Once a day, we would give Scout a sponge bath which she HATED, dabbing around the festering edge of the umbilical cord stump, janitors to Hell's gateway. The doctor promised that the stump would fall off by itself within 10 days, but even as Scout sharpened her eyesight and began to bob her head around the room, the nasty serpent on her belly blackened and clung on. "Isn't she beautiful," said my mum. "Eww, that doesn't look good," she addressed the stump, which was by now reddening at its base.

At a checkup, the doctor agreed that it needed a helping hand and got out a special matchstick with silver nitrate on the tip to help cauterize the base of the thing. We were told we could then use rubbing alcohol to dab around the edge, and that a little weeping and blood was okay. Seeing as it was the place that life had first attached, I supposed some adjustment was to be expected. Going from one side of existence to the other, sure, some scabs to work through.

Back at the apartment, I was emerging from the boot camp of early days with seemingly a vague idea of how breastfeeding worked, and the ability to change a nappy in the dark at night without waking my husband. I had some skills. But I still felt vaguely adrift when I was outside the immediate world of me and baby.

Between birth and the six-week checkup, you're nowhere. There are no guideposts.
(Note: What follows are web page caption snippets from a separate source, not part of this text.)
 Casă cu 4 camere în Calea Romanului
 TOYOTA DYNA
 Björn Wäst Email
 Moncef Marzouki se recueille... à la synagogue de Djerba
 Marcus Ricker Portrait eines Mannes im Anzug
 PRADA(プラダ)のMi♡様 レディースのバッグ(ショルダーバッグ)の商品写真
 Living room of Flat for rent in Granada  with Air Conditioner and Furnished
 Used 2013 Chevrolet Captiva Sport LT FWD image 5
There is sporadic crying, there is joy, everyone is in diapers, there are many many iPhone photos. I was so thrilled at the sight of my parents holding my baby; I wanted to see no one. I was a mother now, but in the presence of my parents still a petulant teen growling leave me alone. We are not a demonstrably affectionate lot — too much British blood there. We are uncomfortable with emotion; I can well understand the popularity of unconscious birth in the near past. The arrival of a baby compels you to feel and express, but I didn't want to.

The belly button, in better times.

One of the things I regret most from the early days was my impatience with my parents. I have Indian friends for whom tradition dictates their mother will fly over and live on their couch for a month after birth when they delivery a baby in the U.S. I cannot imagine it. My parents were down the road at an Airbnb that turned out to be a guy sleeping on his couch and renting out his bedroom. It was fine. But first thing in the morning, they'd text: "Ready for us to come see Scout?!" And I was. I just wished I wasn't attached to her. Wished I could hand my amazing little baby over and disappear into the ether, away from my human form. I was overjoyed but tired and, I must assume, cranky and ungrateful. Thankless for their great journey halfway around the planet to meet their grandchild.

The stump was hanging on by a thread on the morning my parents arrived with their day bags to little fanfare from me. It's possible I ignored their entrance in my stupor. I was dressing Scout on the change table in her room when I heard my dad say, "Tony, oh no," with a sort of a suppressed howl. I clutched Scout to my shoulder and padded lightly out to the living room where my mum and dad were hugging.

A day, ten days, two weeks, it is a short time and it is also an age. When they left Australia, our good family friend Tony — my friend's dad, who was in my parents' wedding — was doing well on chemo. But then, the second my parents slipped over the dateline, gone. "I'm sorry," I said, swallowing hard, this selfish beast blessed with a magical, plump baby in her arms.

We had to go back to the doctor to lance the umbilical granuloma that remained one more time — a navy seed in the middle of her belly button, which resolved thereafter. My parents missed the funeral. By the time they flew home, back across the continent then across an ocean, blue had ripened to red, and red had settled to pink. An arrival. A departure.

There is a gaping wound that accompanies your arrival to motherhood. It does not regenerate right away. For a time there is a messy, sticky reminder of where you came from. You tend to it, and get used to looking at it, and you realize that it is part of the scene, not an anomaly. It will fade, but you don't forget it. You say goodbye to your parents, your new baby pressed between you, and tell them you love them.